Cloud Functions (fully managed)
Serverless functions: short-live, stateless, event-driven. Consider the execution limit and cold starts.
Control: Minimal control. Cloud Functions is a serverless platform where you deploy functions without worrying about the underlying infrastructure.
Use Cases: Best for lightweight, event-driven functions that run for short durations, such as processing file uploads, responding to HTTP requests, or triggering actions from other Google Cloud services.
Restrictions: Functions have a maximum execution time of 9 minutes, making them unsuitable for long-running or resource-intensive jobs. Also, limited to specific triggers (HTTP, Pub/Sub, etc.) and is generally best for simpler tasks.
Cloud functions are billed by execution milliseconds. So I believe this service may be a good option for unpredictable, intermittent workloads, BUT you need to watch the number of invocations per month or the total amount of running hours.

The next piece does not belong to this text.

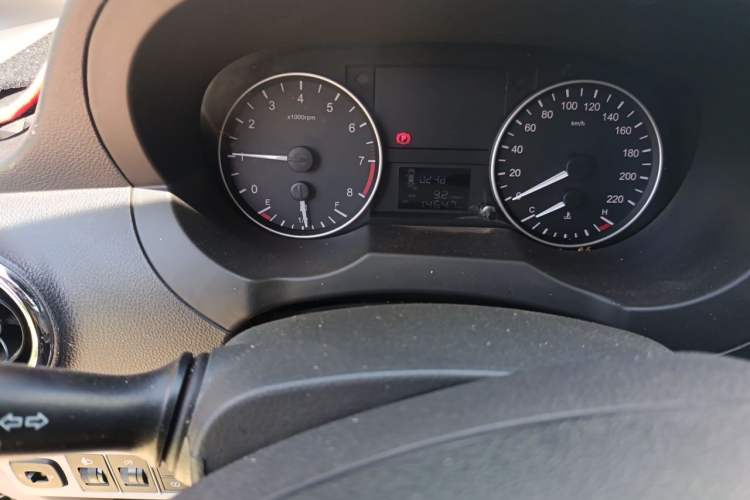 Used JAC Refine M3 2025 PLUS 1.8L Manual Classic Edition 7 Seats Instrument Cluster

There is a limit where you need to optimize costs and this option may be expensive
Summary
When choosing between cloud computing services, the level of control you have over the infrastructure often comes with trade-offs in terms of complexity, flexibility, and the ability to run different types of workloads and restrictions.
So if your use case is a short simple task or just a rapid deployment, you may choose Cloud Functions. If you want to run containerized applications without the burden of infrastructure management, you can pick up Cloud Run. Eventually, for very large or highly customized workloads, you might end up using Kubernetes (GKE, EKS) or even raw virtual machines (Compute Engine, AWS EC2), where you have full control but also bear the full burden of managing the environment.
The need to dive into the details of Kubernetes, managing clusters, or even dealing with networking and security configurations might seem counterintuitive.
After all, cloud computing was supposed to simplify things. But this complexity arises because as applications grow, the need for customization, optimization, and control also increases. At scale, even small inefficiencies can lead to significant costs, so having that granular control becomes crucial.